Carex cockayneana Kük.
C. cinnamomea Cheesem. in T.N.Z.I. 14, 1882, 301 non Boott in Trans. Linn. Soc. Lond. (Bot.) 20, 1846, 136.
C. forsteri Wahl. var. cockayniana (Kük.) Kük. in Pflanzenr. 38, 1909, 695.
Original localities: "Graham River and other tributaries of the Motueka rising in Mt Arthur. Sources of the Takaka River, ascending to 3,500 feet altitude". Type: AK, 2828, Takaka River, 3,000 ft, T. F. Cheeseman, Jan., 1881.

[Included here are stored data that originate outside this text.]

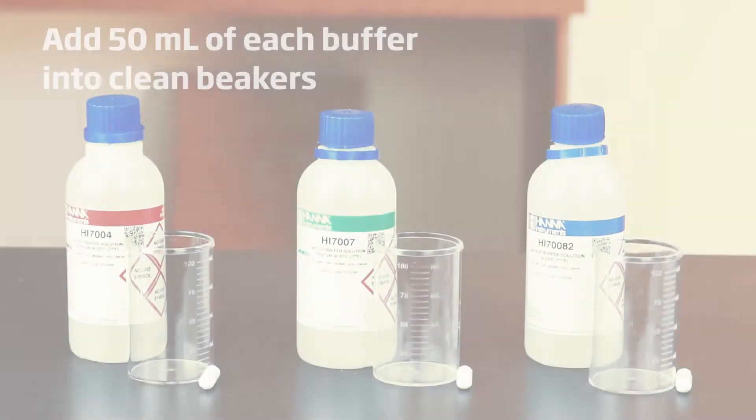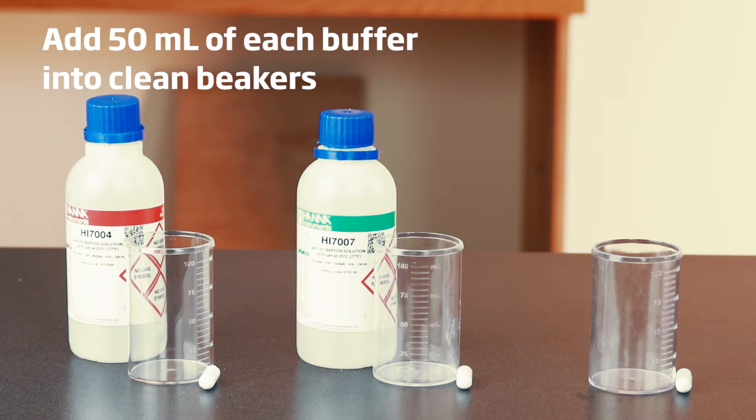Before we take measurements, we suggest daily calibration of the electrode and the pump for best results. This simple, two-minute process helps you ensure accurate results. Here's how we do it.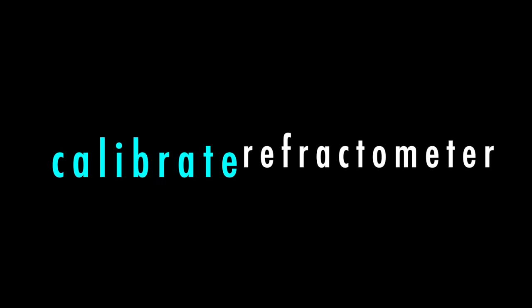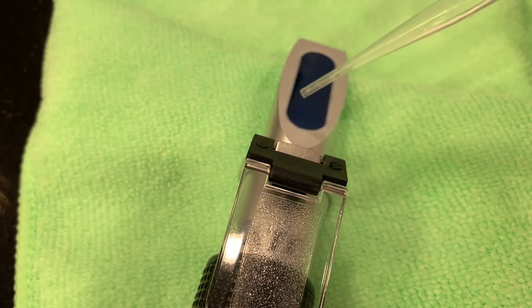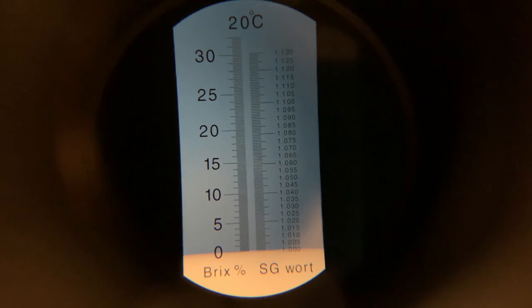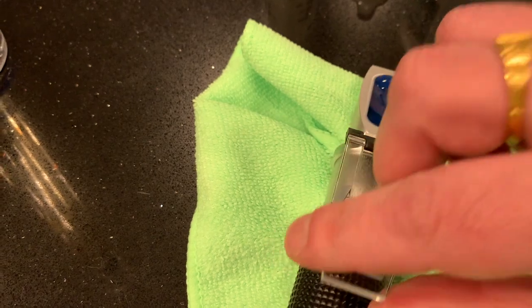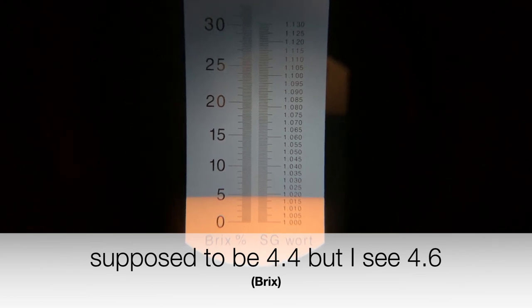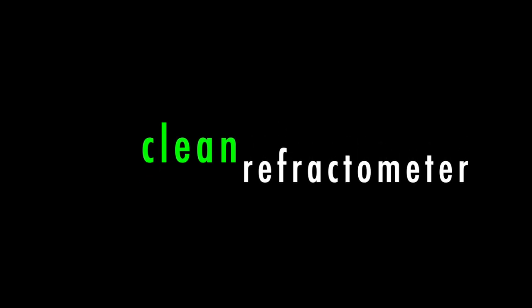Now let's calibrate the refractometer. First, with some distilled water on the glass plate, close it up and wait 30 seconds, then look through the viewfinder — it's at zero, that's good. I also have a calibration solution; it's supposed to be 4.4 but I actually see 4.6 here, so this seems to be reading a bit high. It's also important to clean the refractometer after each use — rinse it and dry it thoroughly.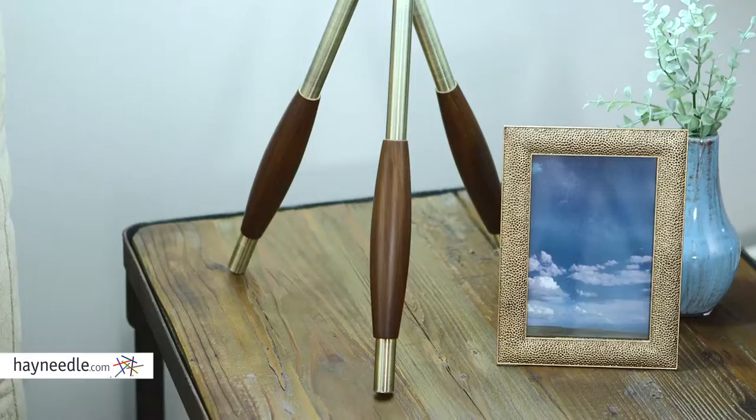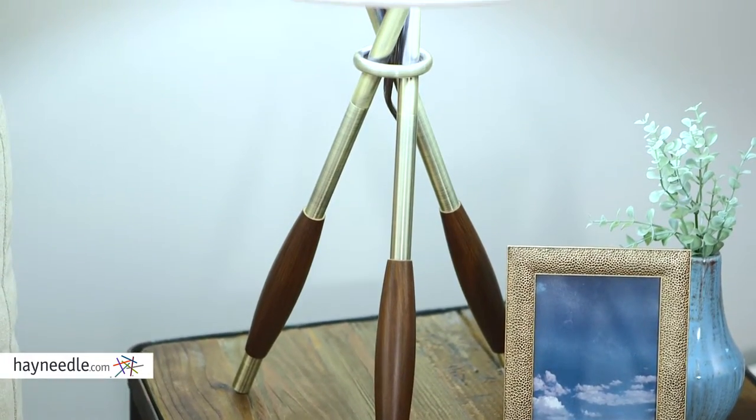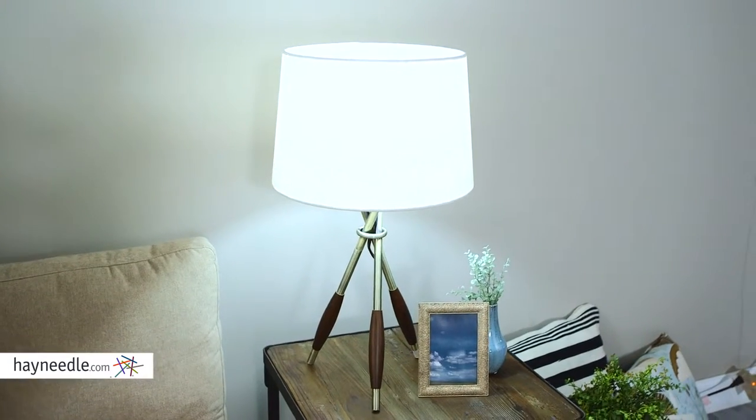Hi, I'm Mark with Hayneedle. Brighten any living or workspace with the Adesso Columbus Table Lamp. The tripod-style base is beautifully crafted from metal with an antique brass finish with dark wood accents. The whole piece has a classic feel that's sure to enhance the look of any room.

Culms 15–60 cm. × 1–2 mm., smooth, trigonous, often drooping; basal sheaths dark red-brown. Lvs > culms, up to 80 cm. long, 3–6.5 mm. wide, double-folded, margins of upper half sharply scabrid. Infl. of (2)–4–8 ± distant, red-brown or light brown spikes, the upper sessile, the lower drooping on filiform peduncles; terminal 1–(2) spikes entirely male or with few to ∞ female fls at the top, remaining spikes female with a few ± distant male fls at the base, 1–7 × 0.5–1 cm. Glumes (excluding awn) ± = or slightly > utricles, ovate-lanceolate, acute and entire or slightly emarginate, membr., light red-brown with a thickened green midrib produced to a slightly scabrid awn 1–2 mm. long. Utricles 3–4 × c. 1 mm., unequally biconvex, fusiform, conspicuously costate when immature, turgid, smooth and slightly spreading when mature, yellowish brown, margins glab.; beak narrow, 0.5–1 mm. long, very shortly bifid, orifice slightly scabrid; stipe < 0.5 mm. long. Stigmas 3. Nut 1.5–2 mm. long, trigonous, obovoid-ellipsoid, dark brown.
DIST.: N. Near Wellington. S. Marlborough, Nelson, Westland and Fiordland.
On margins of streams or in snow-tussock grassland from 600–1,200 m. altitude.
C. cockayniana differs from C. spinirostris in having stouter light red-brown or yellow-brown spikes. From C. forsteri it may be distinguished by the smooth surface and straight mouth of the utricles, which are shorter and have a shorter beak than those of C. forsteri.